1870. Paris est assiégé. Le gouvernement veut liquider les révolutionnaires et envoie Passe-Mur pour les faire disparaître. En même temps, le policier profite des troubles pour rechercher son tueur en série. Son chemin mortel va croiser la route d'Emma, jeune institutrice communarde prise entre deux amours et qui se refuse à choisir.
Le roman brasse les périodes et les genres. Si l'essentiel du texte se déroule en 1870, le combat au Mexique est rapporté, et après la Commune, les personnages se retrouvent dans l'Ouest américain, pour évoquer la bataille de Little Big Horn. Trois guerres pour Emma est un roman historique dans la mesure où François Darnaudet s'appuie sur une documentation, et reconstitue de façon convaincante les univers qu'il décrit. D'une part la Commune, les luttes révolutionnaires avec les forces conservatrices françaises pour la grande Histoire et les démêlés de l'héroïne qui doit inventer une nouvelle façon de vivre, plus féministe et plus libre, auprès de ses deux compagnons. D'autre part, les derniers jours de Custer et de ses hommes, une période que François Darnaudet arpente avec ferveur.
Le roman est aussi un roman policier avec son personnage de flic chargé des basses besognes et qui les accomplit sans remords en même temps qu'il sert de guide pour visiter les bas-fonds de la société. C'est également un roman populaire, au sens d'Eugène Sue, avec ses héros gangrenés par la vengeance, par les barrières sociales, par ses thèmes du frère jumeau ou des luttes gargantuesques dans les tripots. Un exemple parmi d'autres : Passe-Mur sait que le coupable a perdu une oreille. Il retrouve un noble ayant servi dans l'armée mexicaine et s'aperçoit qu'il lui manque effectivement une oreille.

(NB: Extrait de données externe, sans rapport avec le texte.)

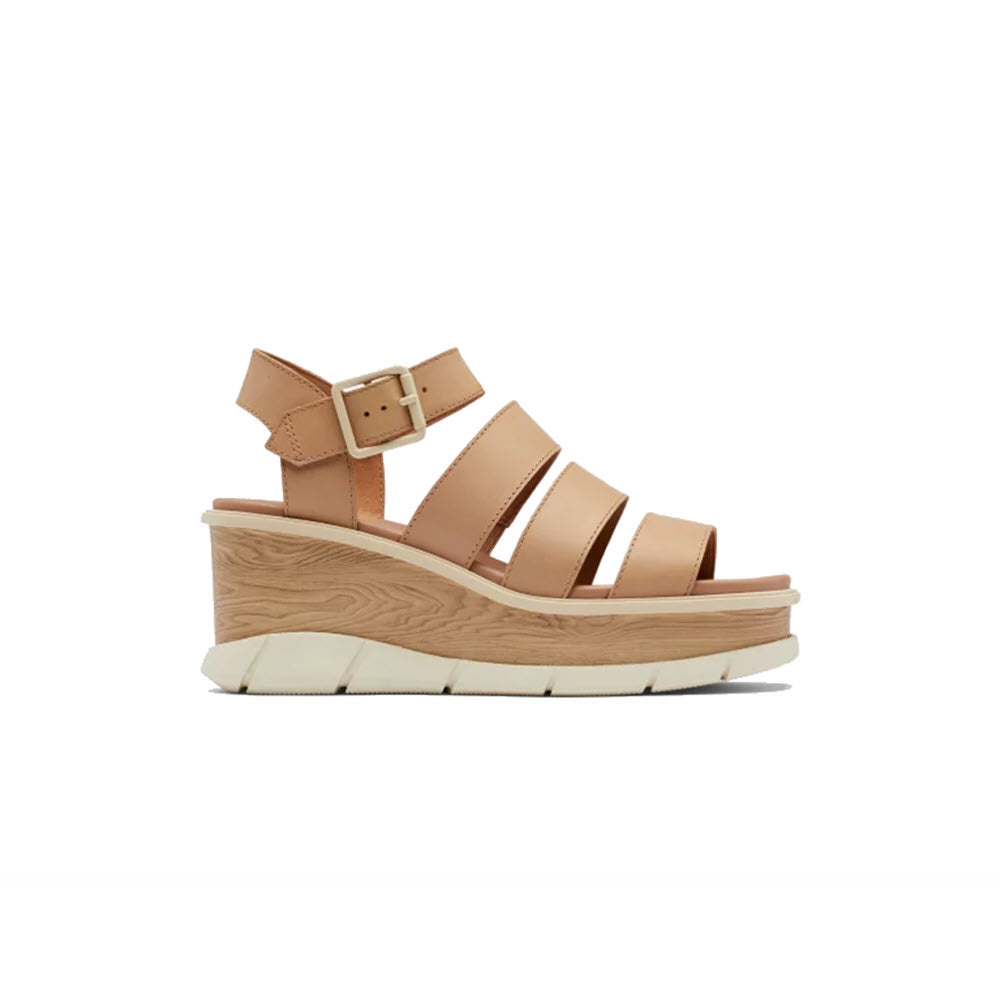 Beige SOREL Joanie III Ankle Strap platform sandal with a chunky wooden heel and buckle closure, isolated on a white background.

Il le tue pour découvrir qu'en fait il manque les deux à ce héros de la guerre !
C'est aussi un texte qui n'oublie pas de créer des personnages vivants. Ainsi Emma acquiert en quelques pages une densité d'héroïne forte. François Darnaudet dessine à travers des petites touches les relations complexes d'Emma avec ses deux amants, empreints de naturel ou la façon dont justement les deux hommes vont accepter la situation. Car François Darnaudet (que certains connaissent pour des romans à cheval sur plusieurs genres ou pour un "Poulpe" - il paraît qu'un autre devrait arriver !) sait raconter une histoire et rendre vivant une scène ou un personnage.
Il serait dommage qu'en refusant de se laisser enfermer dans des cases littéraires étroites et en publiant ce roman chez un éditeur plutôt spécialisé dans la SF, Trois guerres pour Emma passe inaperçu des amateurs d'histoires policières car ce roman n'hésite pas à brasser des thèmes populaires, et à ancrer son intrigue dans des réalités historiques fortes dans cette Commune qui fut un moment si important de notre Histoire.
Citation
Un mois d'hiver, on trouva la tête d'Arsène, énuclée, sur un tas d'immondices. Son corps avait été à moitié mangé par de chiens errants, quelques centaines de mètres plus loin.